Data block
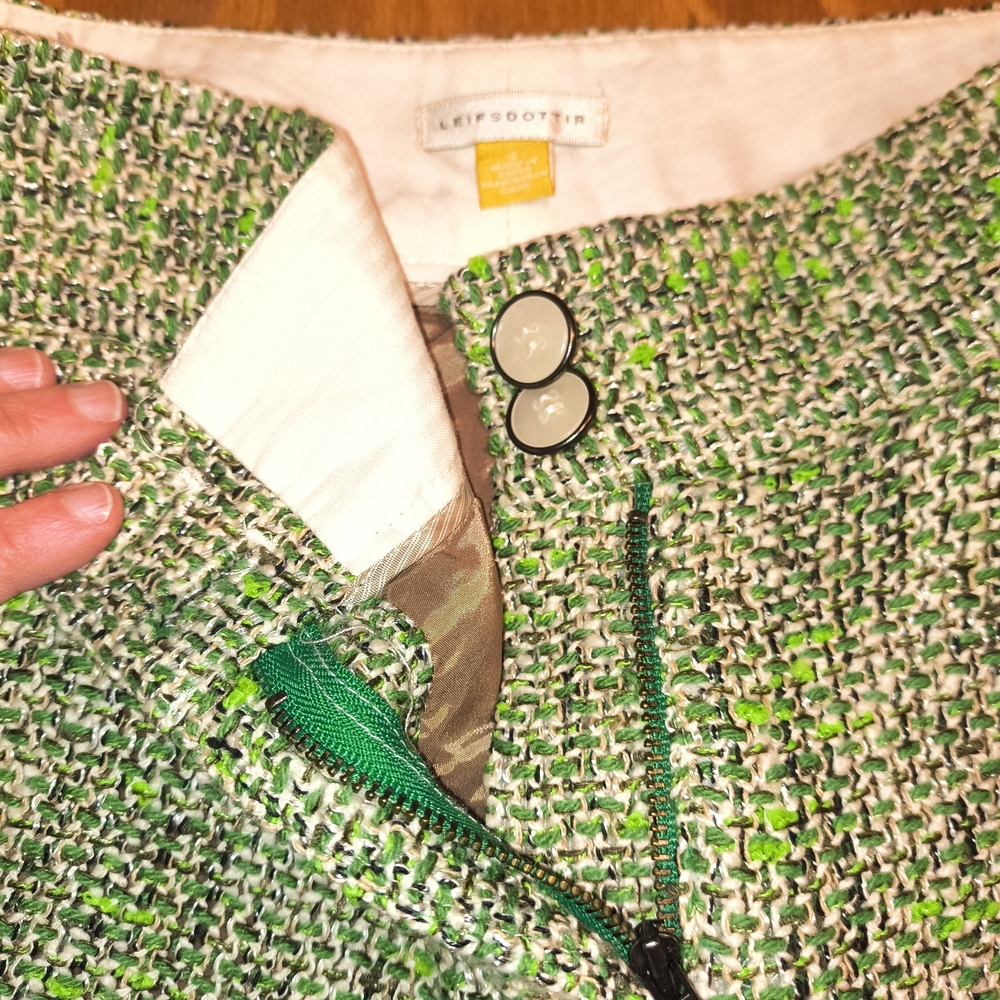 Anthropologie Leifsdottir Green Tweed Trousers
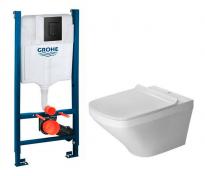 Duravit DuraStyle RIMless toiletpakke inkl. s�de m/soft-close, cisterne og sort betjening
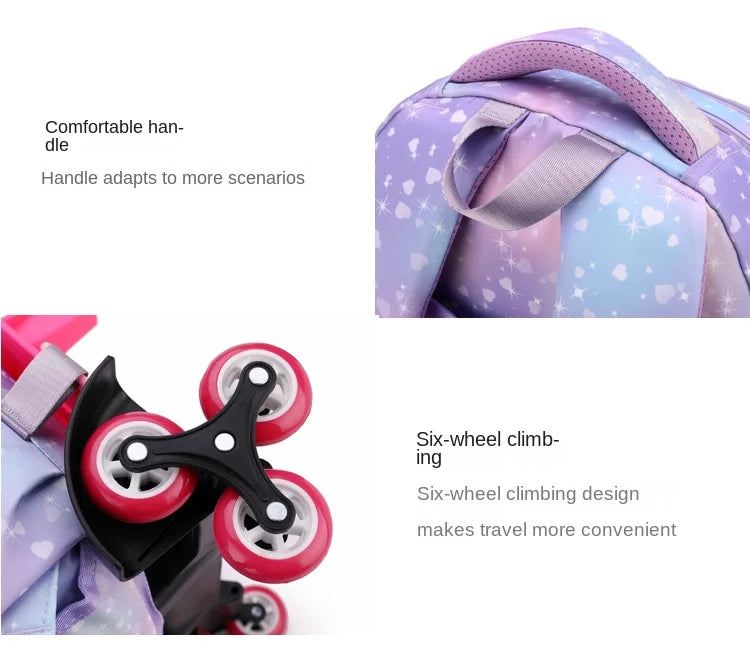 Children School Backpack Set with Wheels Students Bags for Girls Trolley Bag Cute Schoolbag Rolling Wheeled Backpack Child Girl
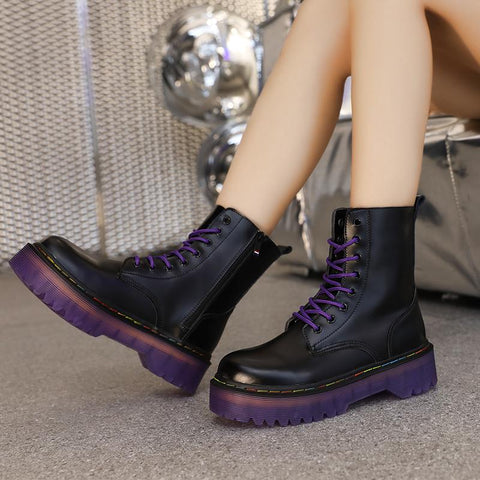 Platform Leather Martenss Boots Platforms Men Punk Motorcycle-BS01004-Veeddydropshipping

Work item
Reprint the whole listing above exactly, taking out the pictures.

The completed task
 Anthropologie Leifsdottir Green Tweed Trousers
 Duravit DuraStyle RIMless toiletpakke inkl. s�de m/soft-close, cisterne og sort betjening
 Children School Backpack Set with Wheels Students Bags for Girls Trolley Bag Cute Schoolbag Rolling Wheeled Backpack Child Girl
 Platform Leather Martenss Boots Platforms Men Punk Motorcycle-BS01004-Veeddydropshipping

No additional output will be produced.